§ **Task requirements**: Copy out every line of the data exactly; do not include the images.
**** Given information ****
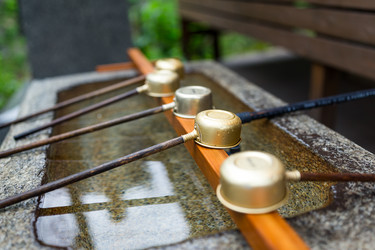 Similar image 13150451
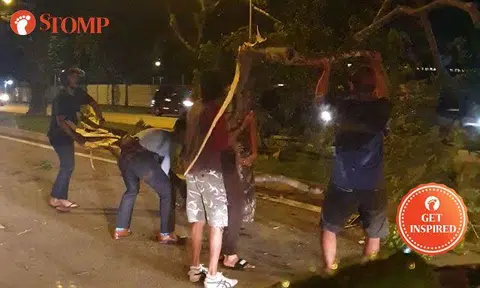 Passers-by band together to carry heavy branch that fell onto Bukit Batok Road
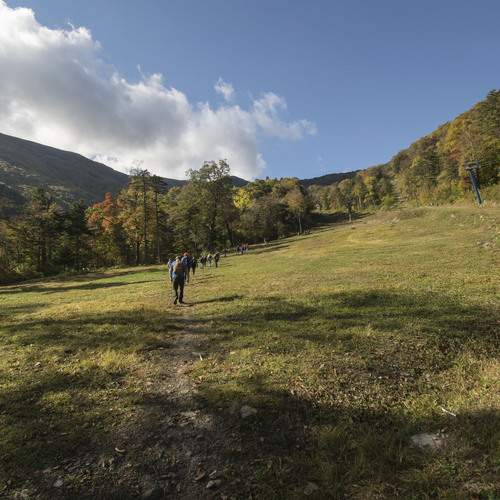 Photo #13746263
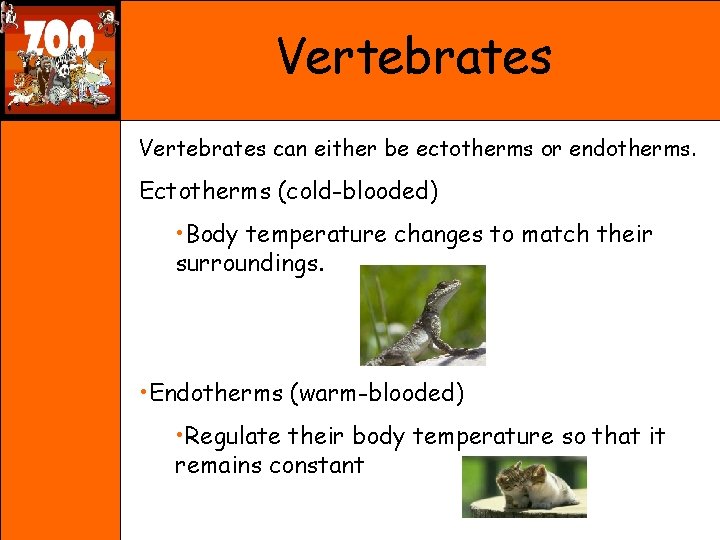 Vertebrates can either be ectotherms or endotherms. Ectotherms (cold-blooded) • Body temperature changes to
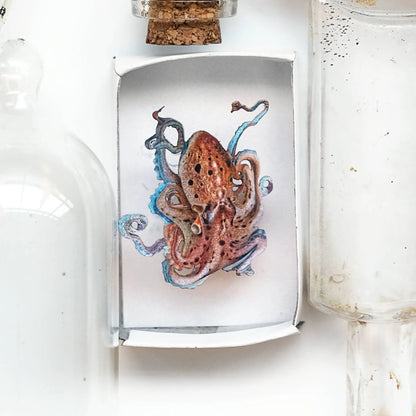 'Biophilia' Micro Specimen Collection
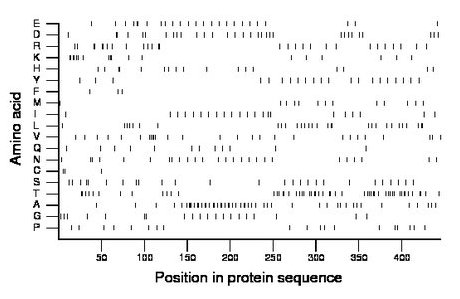 amino acid map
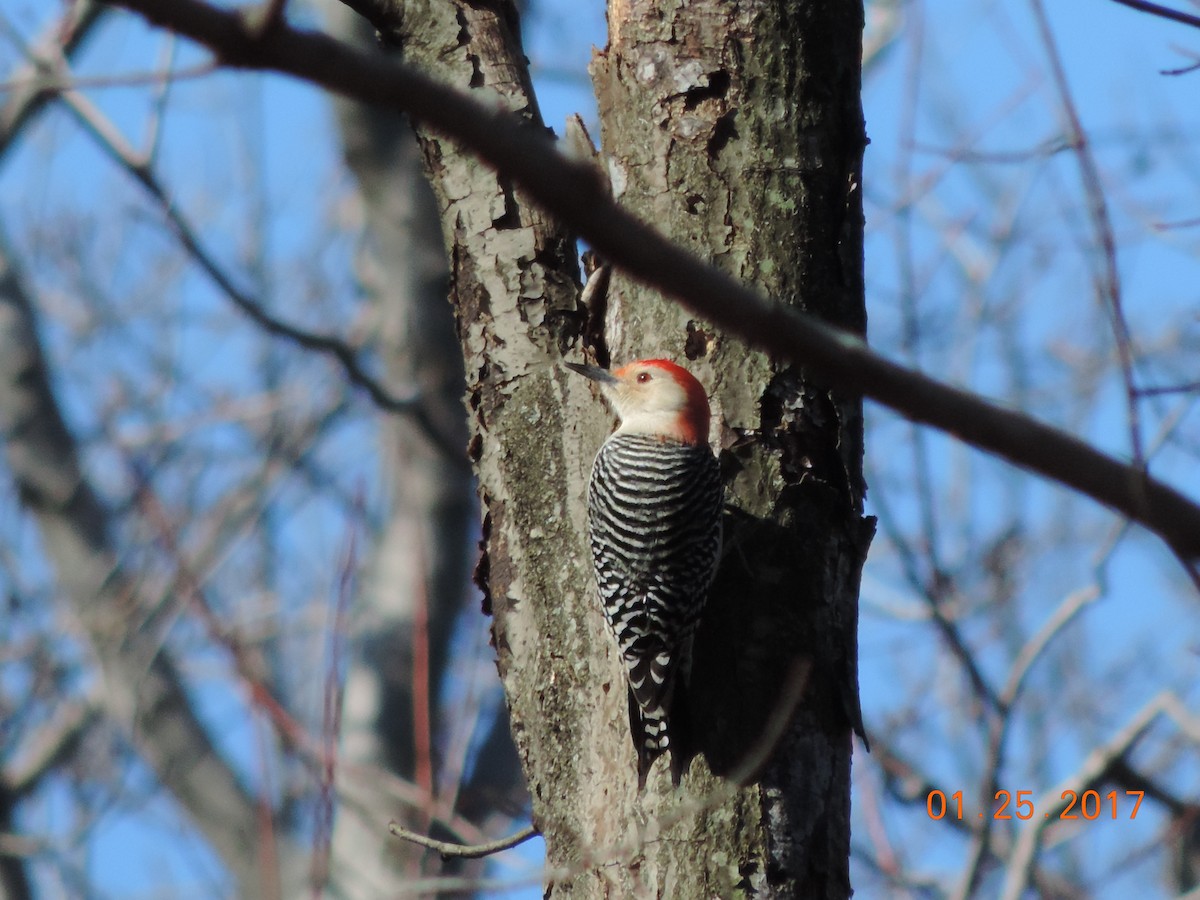 Red-bellied Woodpecker - Rich Brown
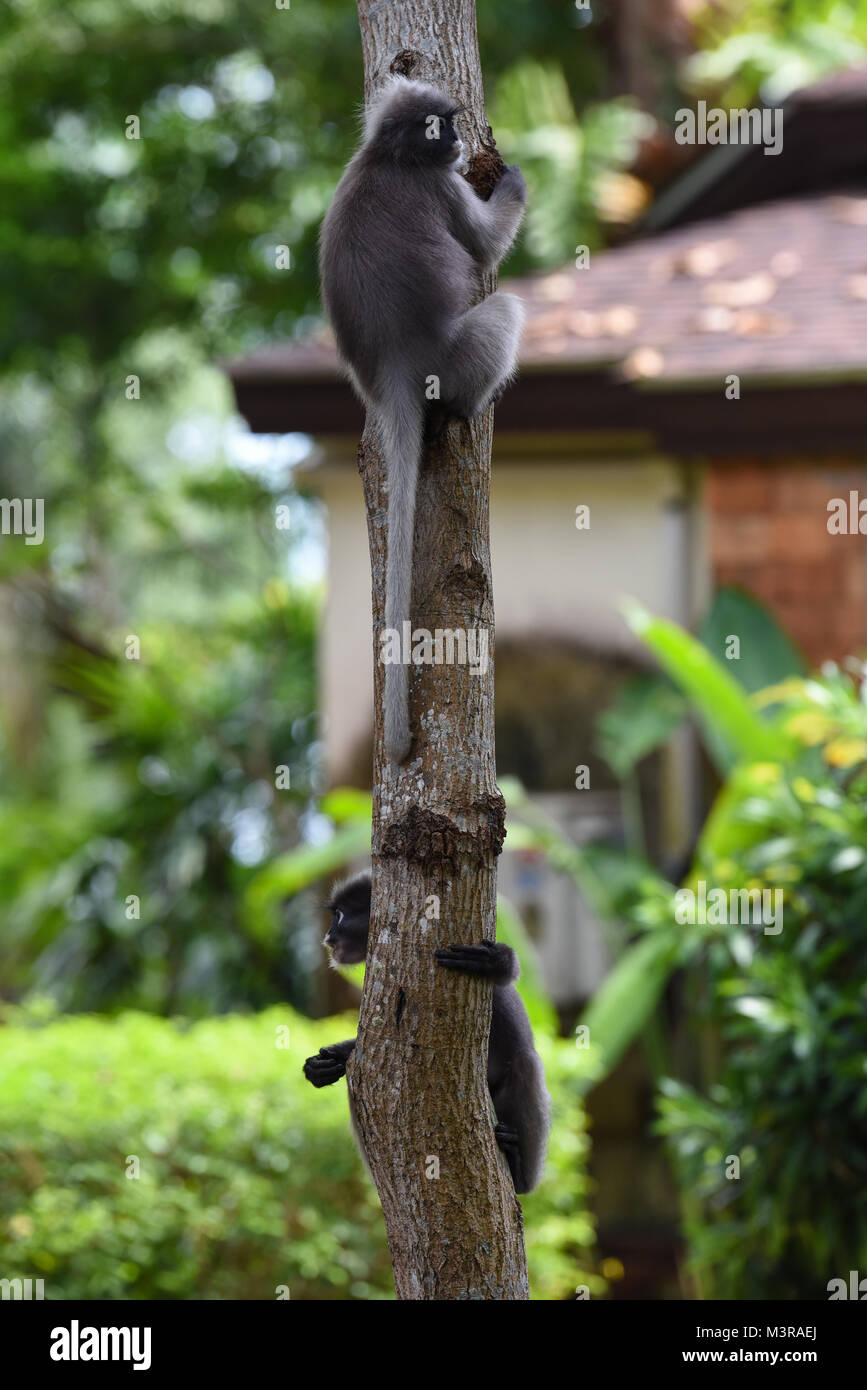 Una coppia di due simpatici Dusky foglie scimmie/Spectacled Langurs tenendo premuto su di un albero nel loro habitat naturale in Thailandia Foto Stock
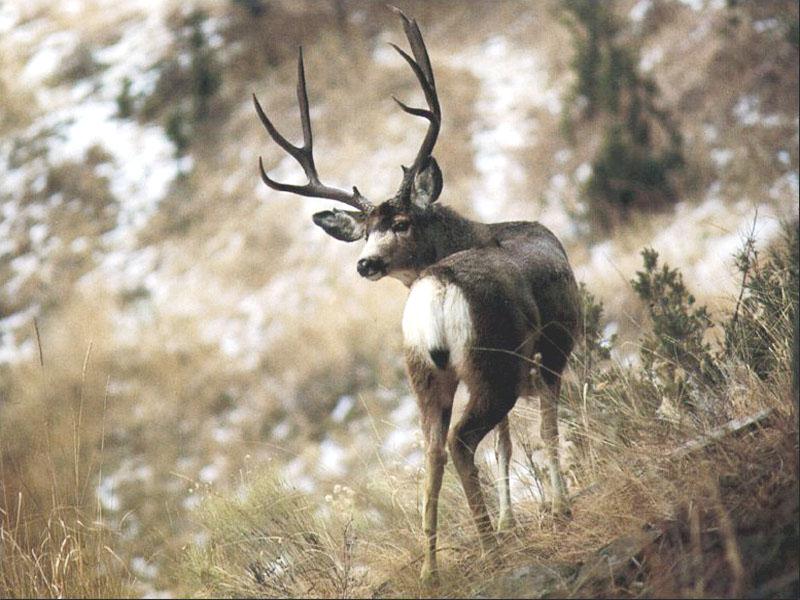 MuleDeer 01-Black-tailed Deer-looks back.jpg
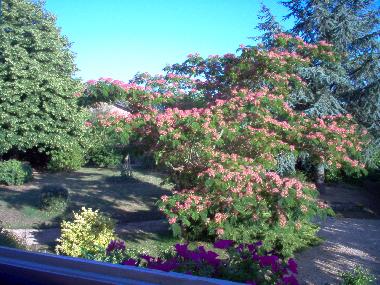 Bed and Breakfast in Souvigne (Deux-Svres) or holiday homes and vacation rentals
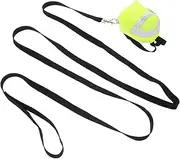 HOLIDYOYO Reptile Walking Leash: Lightweight Adjustable Harness - Portable Harness for Bearded Dragon Lizards and Small Pets Outdoor Travel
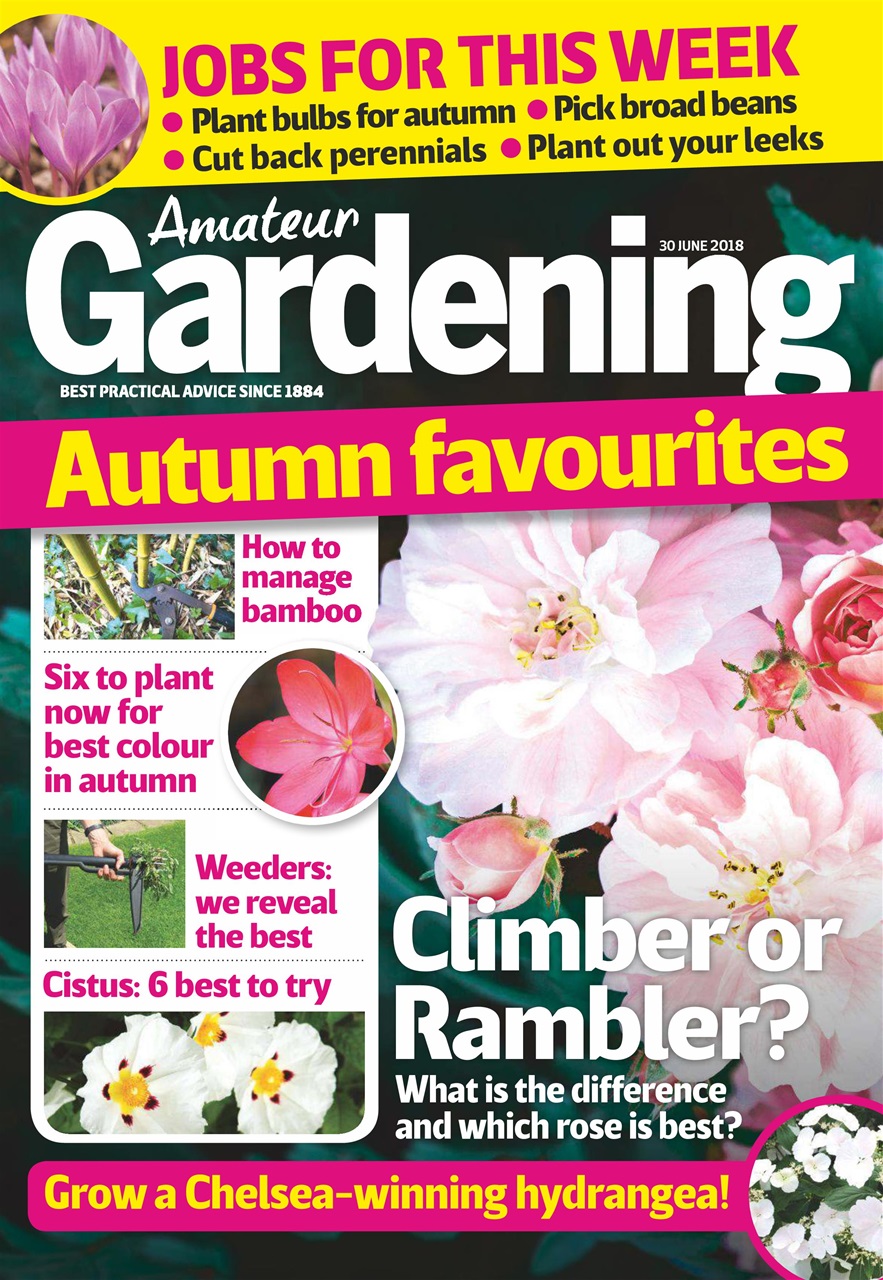 Amateur Gardening Preview Pages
****
§ **Result below**:
 Similar image 13150451
 Passers-by band together to carry heavy branch that fell onto Bukit Batok Road
 Photo #13746263
 Vertebrates can either be ectotherms or endotherms. Ectotherms (cold-blooded) • Body temperature changes to
 'Biophilia' Micro Specimen Collection
 amino acid map
 Red-bellied Woodpecker - Rich Brown
 Una coppia di due simpatici Dusky foglie scimmie/Spectacled Langurs tenendo premuto su di un albero nel loro habitat naturale in Thailandia Foto Stock
 MuleDeer 01-Black-tailed Deer-looks back.jpg
 Bed and Breakfast in Souvigne (Deux-Svres) or holiday homes and vacation rentals
 HOLIDYOYO Reptile Walking Leash: Lightweight Adjustable Harness - Portable Harness for Bearded Dragon Lizards and Small Pets Outdoor Travel
 Amateur Gardening Preview Pages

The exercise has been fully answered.